Verano also pointed out a number of other interesting things he'd learned. For one, there was tuberculosis in Machu Picchu. But no syphillis. Tooth decay was rampant and somtimes even fatal.

All in all, a very interesting evening.

Tuesday, July 13, 2004

Yesterday's mail brought me a copy of a new Stark House double volume. This one reprints two of Vin Packer's Gold Medal novels, SOMETHING IN THE SHADOWS and INTIMATE VICTIMS. It's a nice package, and one I highly recommend. Packer (whose real name is Marijane Meaker) was one of the few women writing paperback originals in the 1950s, and she was right up there with the best. Anthony Boucher consistently praised her books in his NYTBR column, and with good reason.

Besides the two novels, this new volume has a short introduction by Packer that touches on her relationship with Patricia Highsmith and tells a little about the envy Highsmith had of Packer's income and reviews. Packer, the lowly paperback writer, was making a lot more money for her novels than Highsmith was with her prestigious hardcovers. And Packer was getting reviews in the New York papers just as Highsmith was. Highsmith didn't think it was fair for a paperback writer to get the same kind of attention that a hardcover author received.

There's also a reprint of Jon Breen's essay titled "The Novels of Vin Packer," also highly recommended reading.

Monday, July 12, 2004

Lately I've been browsing the capsule movie summaries in Arthur Lyons' book called DEATH ON THE CHEAP: THE LOST B-MOVIES OF FILM NOIR, and I find them highly entertaining.

But here's something that's really bothering me. It has nothing to do with the movies or the book itself. It's a sentence in the blurb from Robert Crais in the front of the book. Here it is: "Written with the sure hand of a gifted novelist, Arthur Lyons has opened an entertaining treasure chest that will have you racing to your local video rental joint." As a former English teacher, all I can say is, "Arrrgggghhhh!" And to think that Crais out-sells me about a million to one.

Since I'm far from a film noir geek, or even a film geek of any kind, I don't have too many nits to pick with Lyons himself. However (you knew there was going to be a "however," right?) there's this on page 122 in Lyons' comment on THE MYSTERIOUS MR. VALENTINE (1946): "This film was a new kind of role for Linda Stirling, who up to this time had spend most of her time at Republic dressed in a leopard cat suit and beating up bad guys in THE TIGER WOMAN serials (sic). Tristram Coffin, in contrast, was right at home, having been a staple minor villain in many a Republic feature.

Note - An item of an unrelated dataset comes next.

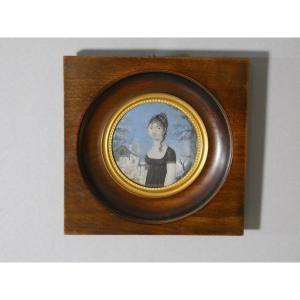 Portrait miniature d'une jeune femme époque Empire, début XIX ème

In 1951, he finally got a taste of what it was to play a good guy when he starred as Commando Cody in LOST PLANET AIRMEN, Republic's feature release of its serial KING OF THE ROCKETMEN."

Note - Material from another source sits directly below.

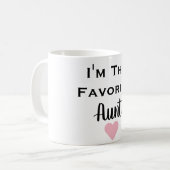 私はお気に入りのな叔母さんBlack及びピンクのマグです コーヒーマグカップ (正面左)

As I said, I'm no expert, but this wrong on so many levels.

As far as I know, for example, there was only one TIGER WOMAN serial (Lyons is right about the leopard costume, though. Why they didn't call her the Leopard Woman is a still-unanswered question.) She certainly hadn't spent all her time at Republic in that one serial, either. How can one forget her sparkling performance in another serial, ZORRO'S BLACK WHIP? (Alas, I'm pretty sure it wasn't Linda wielding the whip in several scenes, which sort of takes away the fun of it if you know what I mean, and I think you do.) Or THE PURPLE MONSTER STRIKES, for that matter?

And if Tristam Coffin played Commando Cody in the feature release of KING OF THE ROCKETMEN, wouldn't he have played good-guy Cody in the serial itself? (You'd think so.) But wait. Since the title of the serial is KING OF THE ROCKETMEN, wouldn't Coffin have played a guy named "King"? (Darned right. Jeff King.) And wasn't Commando Cody in a completely different serial? (Darned right: RADAR MEN FROM THE MOON. He was played by George Wallace [not the Governor of Alabama]. And by some other guy in COMMANDO CODY: SKY MARSHAL OF THE UNIVERSE.)

Sort of makes a fella wonder about the rest of Lyons' commentary.